Surely now, surely, the conversation will move on from “Hard” vs “Soft”. From Supreme Court rulings. From Remainer Hope vs Leaver Disaster. It’s going to happen. The UK is leaving the EU. It therefore has to leave the institutions of the EU, all of them. The single market, the customs union, the ECJ. It then has to re-draw its own relationship with the EU and with the rest of the world. Leaving the single market doesn’t mean failing to achieve single market access; leaving the customs union doesn’t mean failing to trade with anyone in the EU, ever. Leaving the ECJ might be the poison pill in what starts off in any negotiation as the toughest position. “Yes we are off, we are prepared to create new deals, but the body that rules over all of you, won’t rule over all of us in our engagement with you”.

In fact this final point means that the real risk now is not hard/soft/clean/grey….. but orderly vs disorderly. Yes, the exit negotiations can take up to 2 years. But what if the UK just says it’s out, and provokes the EU to stop it? What if the EU says we can negotiate with you, but not if you’re never going to accept the European Court of Justice oversight, so the deal is off? Who sues who in this divorce? And more importantly, who would be the judge that divides up the assets?

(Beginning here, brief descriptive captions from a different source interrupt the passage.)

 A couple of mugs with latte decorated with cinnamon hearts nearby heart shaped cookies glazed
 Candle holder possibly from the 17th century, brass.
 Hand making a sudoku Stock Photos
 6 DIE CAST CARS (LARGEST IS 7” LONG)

Not to mention that we now have Trump telling us that leaving the EU is a “great idea” and that “I believe others will leave”. Oh and that for a UK trade deal, “We’re gonna get something done very quickly”. This is a man who has torn up the rule book already and he’s not even in power yet. He’s called up Taiwan. He’s talking to Russia. He’s not taking questions at press conferences, doesn’t believe his intelligence services, and he won’t be bound by ‘protocol’. Not to mention that he likes deals, and he likes winning. Will he wait 2 years before he can even start talking to the UK about America’s trade deal? Will he wait 2 months?!

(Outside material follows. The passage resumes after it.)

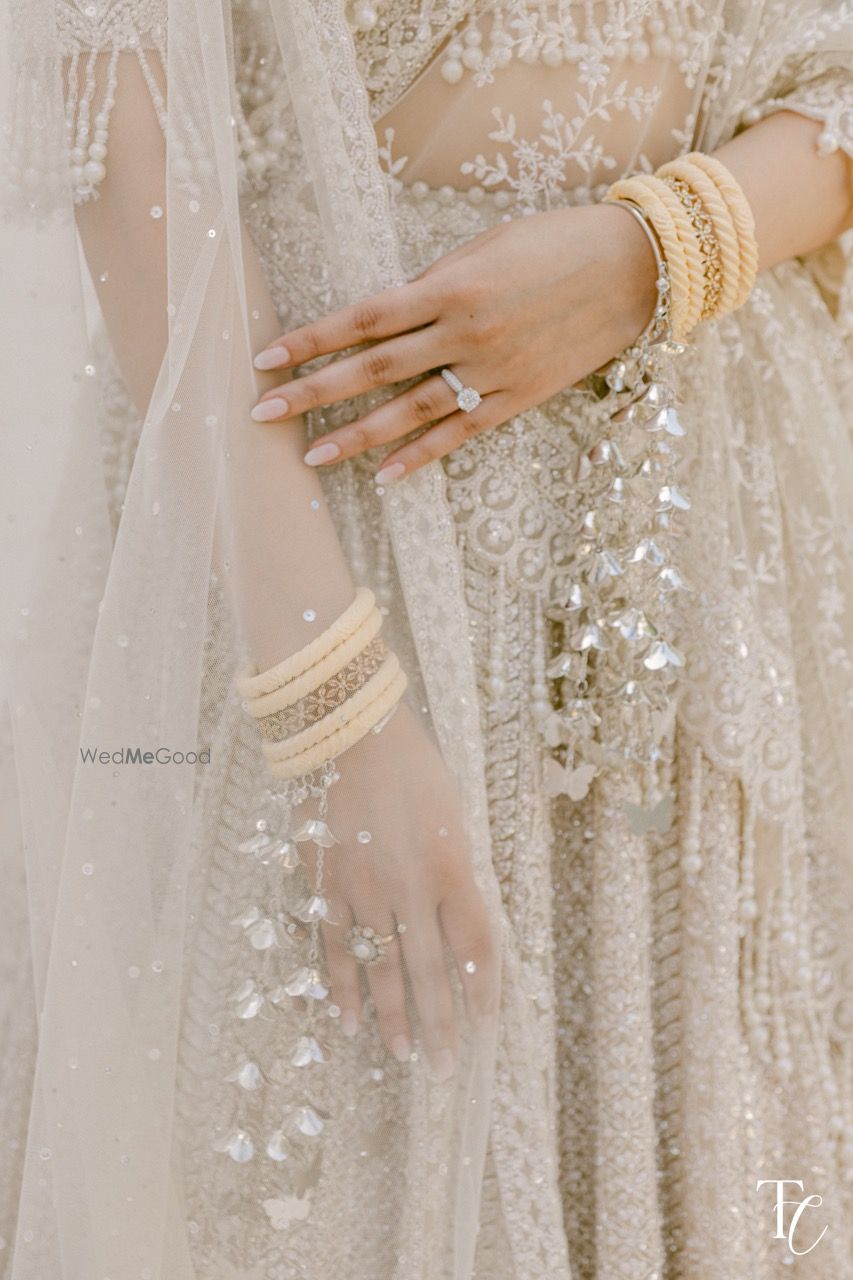 Photo of Unique and gorgeous silver kaleeras with butterfly motifs for the bride on the wedding day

And what about the chance of a Le Pen victory in France? If Britain is making progress on a trade deal with the most important nation in the world, is that not grist to her mill of France leaving the EU? OK, you say there’s less than 40% chance she wins… but that’s still a 40% chance that one of the biggest negotiating partners within the EU wants to tear up the allegedly straightforward post-Article 50 exit process itself! Meanwhile Trump wants to slap a 35% tax on BMW if they attempt to export their cars from Mexico. It would be to his benefit if the EU self-immolates over a disorderly Brexit, as he would have even more power over them.

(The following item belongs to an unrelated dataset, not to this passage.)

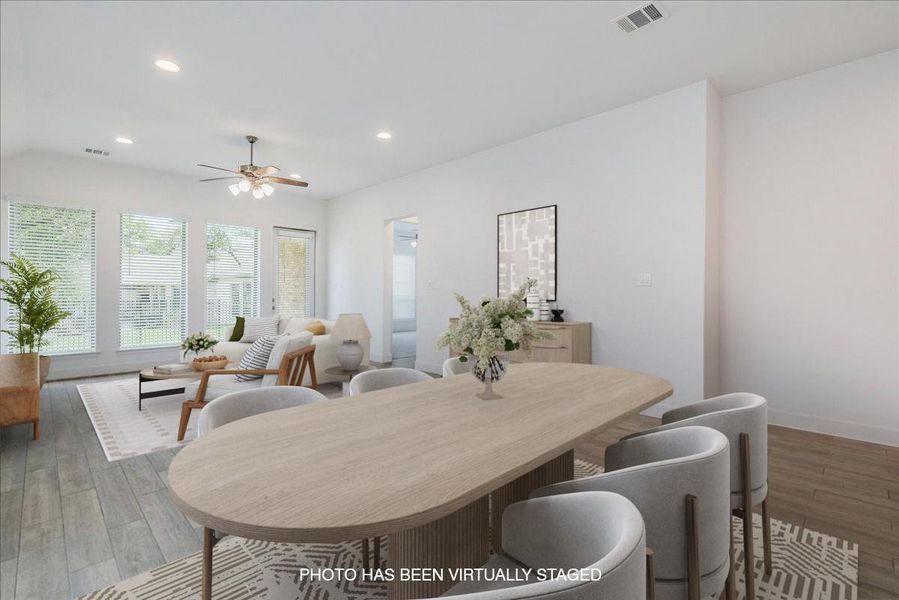 This spacious open-concept living area features light-colored flooring, white walls, and recessed lighting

[Of course, we should also recognise that he wouldn’t want the UK getting too strong either, so at some stage he would then threaten to strike a better trade deal with Germany than Britain, for example….]

The point here is that trying to trade this as a simple mathematical equation isn’t going to work. Just today, Blonde Money was told that the leaks over the weekend about May’s speech showed that “immigration > single market access”. As Thatcher would say, No, No, No.

If we really did try to write this as an equation we would end up in the fourth dimension. The market now sits here and waits for what May reveals in her speech. But her speech is not designed for the market. The line that Tory MPs have already been told to take is “The country is coming together”. This suggests that her speech is designed to be Prime Ministerial, re-setting the narrative, and forcing the House of Lords to put up or shut up when they come to pass Article 50. No doubt this is why the speech has been set for a few days before the Supreme Court ruling is expected. This means that if anyone in the market is expecting more details, they must surely be disappointed. This speech is not aimed at us. It’s aimed at reassuring her detractors she has a plan, and at forcing Parliament to do her will. If anything, Cable doing just 2 big figs overnight rather than the 7  of the October flash crash will strengthen her hand. No need to fear a calamitous currency drop – which anyway doesn’t (yet?) seem to be causing any harm, nor indeed does it really bother the government.

More significant therefore could be Carney’s hastily-called speech tonight on “Policy Issues Affecting the Bank of England”. Is this him trying to head off criticism at the pass – now that the declining pound, plus his extra rate cut and QE, are stoking inflation?

Either way, there is now a significant risk premium that needs to be built into GBP… if he was going to take back the rate cut and QE, is that really good for the currency to have such an unreliable boyfriend in charge??

GBP teeters on the edge

Towards the end of last year, Blondemoney attended a conference. The attendees were asked, what’s the big risk you’re worried about next year? 47% said Europe/EU elections; 26% said new US administration. Almost at the very bottom of the list, with just 2% of votes, was Brexit. At the time, that seemed complacent. Now, with Article 50 to be triggered in less than 11 weeks – and in fact with the trigger almost certainly a done deal – it seems downright dangerous to have forgotten about it. After all, GBP managed to shed several big figures in the day of the 7th October flash crash. There’s lots of chatter today about GBP/USD teetering on the edge of 30 year lows around 1.2090 – but then it managed to print below 1.1500 in a heartbeat on no news back then. The BOE are still trying to figure out what happened then…. perhaps by the time they issue the report GBP/USD will have already had a look towards parity! In any case, at some stage this year, with huge chunky and as-yet-misunderstood risks across the spectrum, it looks likely that a new all-time low in GBP is a scenario that needs to be on everyone’s radar.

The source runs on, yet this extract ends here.